§ What the task requires
Output range, inclusive: from the line containing "Top negru LAUREN VIDAL femeie" to the line containing "Placchette & Badge: L727". Restate those lines from the data below word for word and only those.
*** Extracted data ***
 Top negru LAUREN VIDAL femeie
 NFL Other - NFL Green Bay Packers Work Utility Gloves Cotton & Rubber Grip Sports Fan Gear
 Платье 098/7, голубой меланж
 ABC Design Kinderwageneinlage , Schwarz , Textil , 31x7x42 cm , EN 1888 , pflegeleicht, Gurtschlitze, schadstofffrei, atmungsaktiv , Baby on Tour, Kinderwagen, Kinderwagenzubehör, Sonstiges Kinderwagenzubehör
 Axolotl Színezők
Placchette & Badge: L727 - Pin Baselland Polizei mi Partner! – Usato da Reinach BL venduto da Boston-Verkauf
*** End of Extracted data ***
*** Extracted data ***
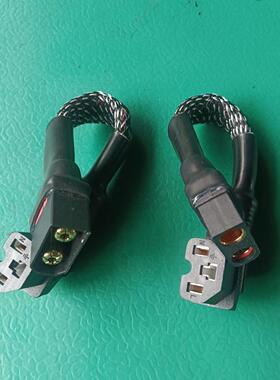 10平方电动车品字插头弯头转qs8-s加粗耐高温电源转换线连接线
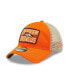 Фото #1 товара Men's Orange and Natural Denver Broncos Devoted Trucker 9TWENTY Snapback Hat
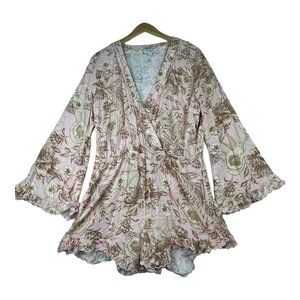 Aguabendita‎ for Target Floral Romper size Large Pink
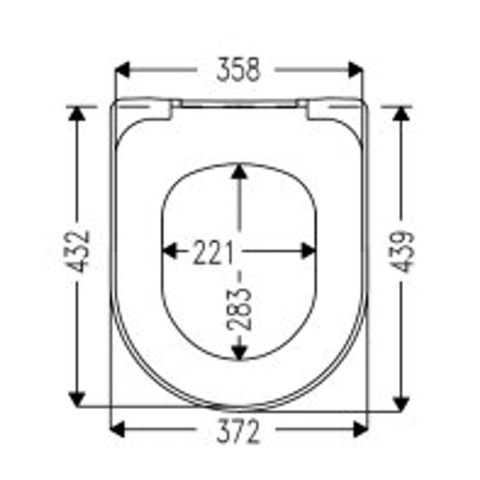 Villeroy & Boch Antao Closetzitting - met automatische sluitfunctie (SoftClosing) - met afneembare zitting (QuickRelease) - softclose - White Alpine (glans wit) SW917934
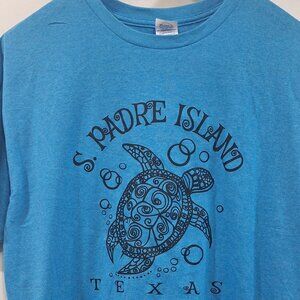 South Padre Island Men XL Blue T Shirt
*** End of Extracted data ***
*** Extracted data ***
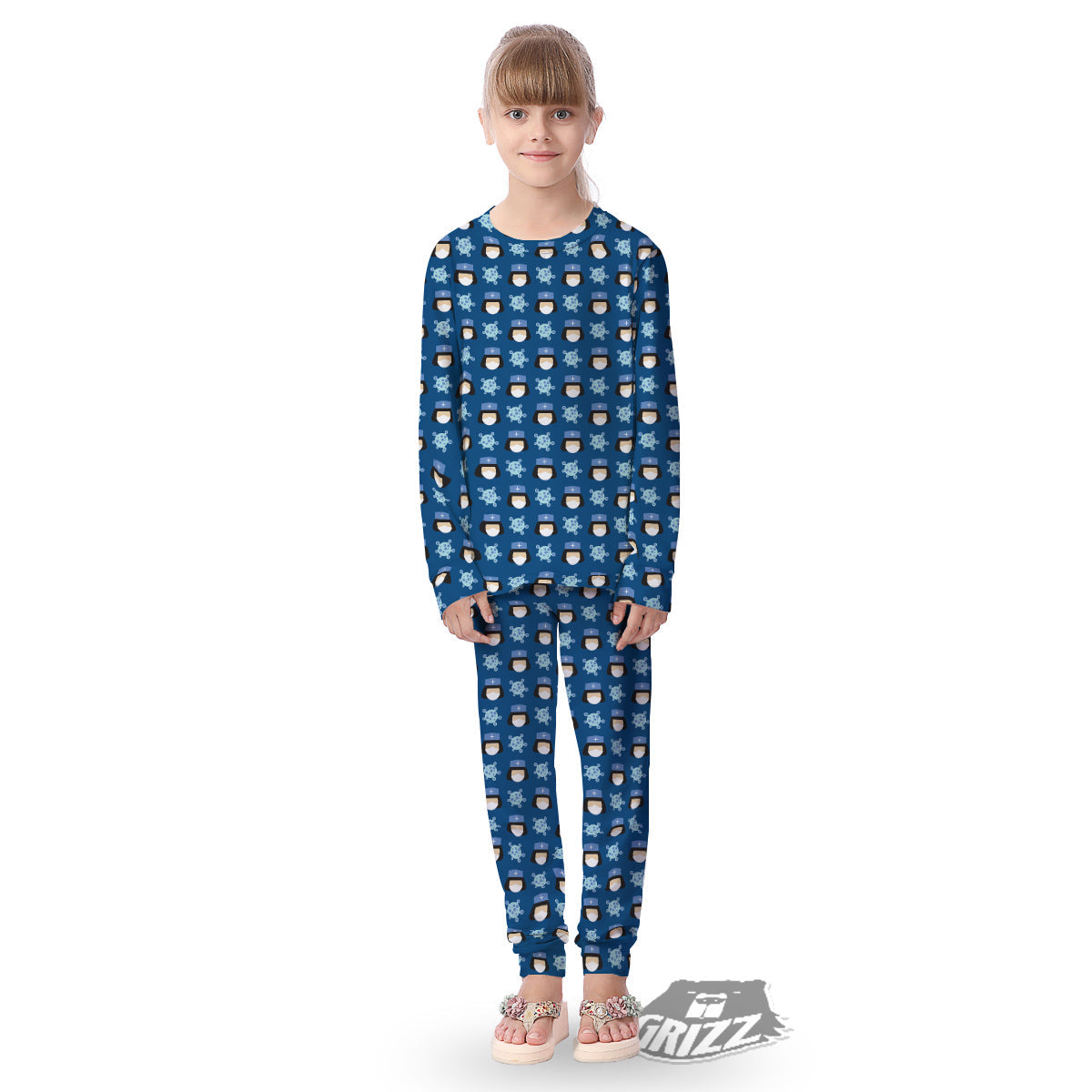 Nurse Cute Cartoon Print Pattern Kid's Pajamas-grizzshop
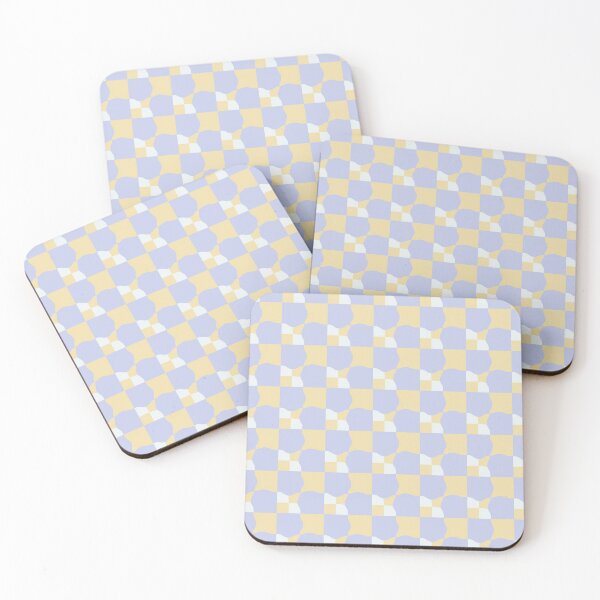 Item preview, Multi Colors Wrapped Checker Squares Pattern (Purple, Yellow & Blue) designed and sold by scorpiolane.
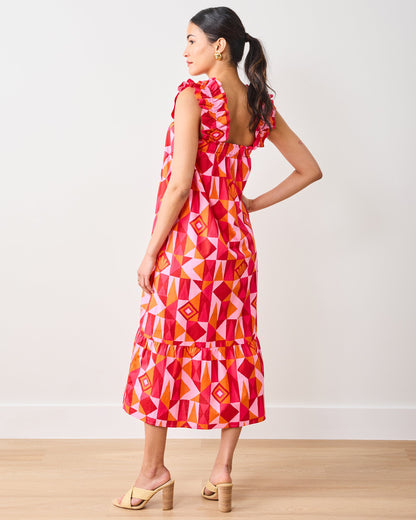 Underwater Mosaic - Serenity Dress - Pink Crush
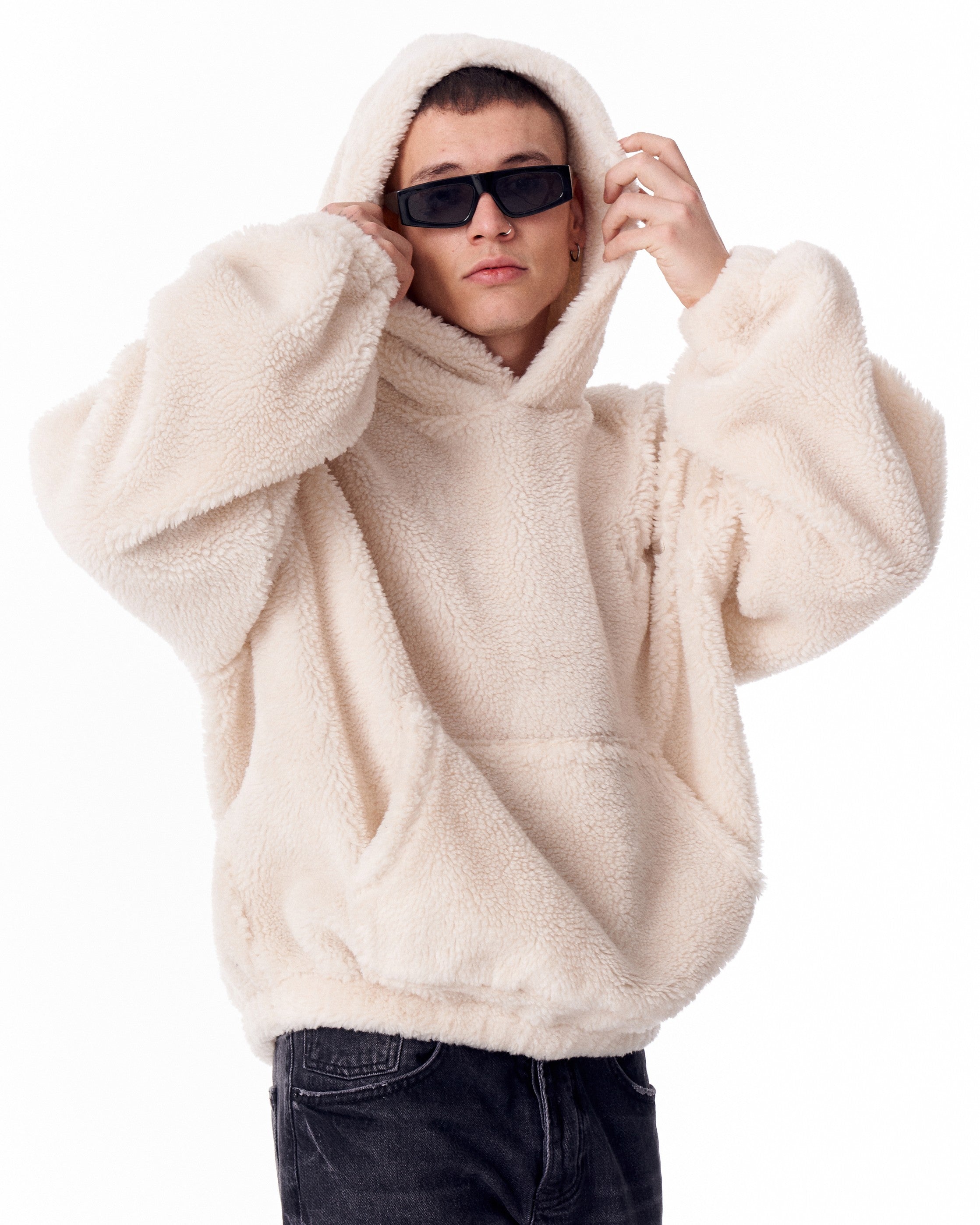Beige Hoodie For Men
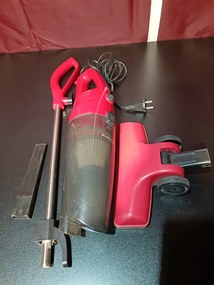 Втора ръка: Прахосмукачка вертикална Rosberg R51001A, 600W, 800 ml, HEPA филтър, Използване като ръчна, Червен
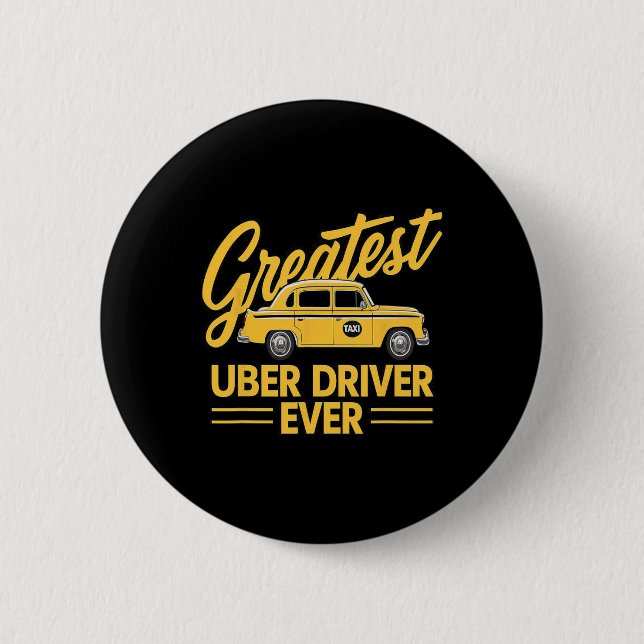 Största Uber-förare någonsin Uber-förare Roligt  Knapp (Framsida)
*** End of Extracted data ***
§ Reply
 Top negru LAUREN VIDAL femeie
 NFL Other - NFL Green Bay Packers Work Utility Gloves Cotton & Rubber Grip Sports Fan Gear
 Платье 098/7, голубой меланж
 ABC Design Kinderwageneinlage , Schwarz , Textil , 31x7x42 cm , EN 1888 , pflegeleicht, Gurtschlitze, schadstofffrei, atmungsaktiv , Baby on Tour, Kinderwagen, Kinderwagenzubehör, Sonstiges Kinderwagenzubehör
 Axolotl Színezők
Placchette & Badge: L727 - Pin Baselland Polizei mi Partner! – Usato da Reinach BL venduto da Boston-Verkauf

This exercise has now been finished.